UK consumer price inflation (CPI)
Headline CPI rose to 3% in September, from 2.9% in August and is broadly expected to have risen to 3.1% in October - a level that will demand Bank of England governor Mark Carney write a letter of explanation to the chancellor of the exchequer.
In such a letter he will no doubt mention the lingering impact of weak sterling and global demand-driven price rises for raw materials and energy. He'll add that Bank forecasts project that this is where CPI is expected to peak and that inflation will begin its descent back towards the 2% target rate over the course of 2018.
Given the withdrawal of recent hawkish rhetoric, however, it's unlikely Carney will be recommending further near-term interest rate increases following the quarter point hike to 0.5% made earlier in November.
"Inflation is set to hit a peak, before tailing off over coming months, and signs of underlying price pressures – chiefly wage growth - are still relatively benign," says James Smith at ING.
The CPI data is published on Tuesday.
UK annual average wage growth
Here's where markets discover the second piece to the conundrum described above. Indeed, over the past months wage growth has remained relatively benign compared with inflation.
At 2.2% in August, the data for September is expected to deliver little change: some analysts see a percentage point rise to 2.3%; some see a similar-sized dip to 2.1%. On average, the same reading as August is expected when the data is published on Wednesday.

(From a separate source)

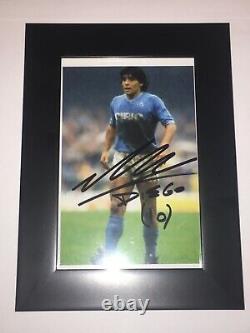 Diego Maradona Hand Signed Autograph Photo Argentina & Napoli Legend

If so, this widens the gap between wage growth and inflation, adding to the already considerable pressure on UK households.
UK retail sales
It's important here to look closely at retail sales. If there's a third piece to the Bank's conundrum - this is it.
The squeeze on consumers created by the inflation/wage growth gap is beginning to have a noticeable impact on spending habits.
While food purchases continue to drive retail sales - according to recent data from the British Retail Consortium (BRC) - appetite for discretionary items faded at the fastest rate yet seen by the BRC. Meanwhile, several retailers, including M&S, Sainsbury's and Halfords last week reported falling profits.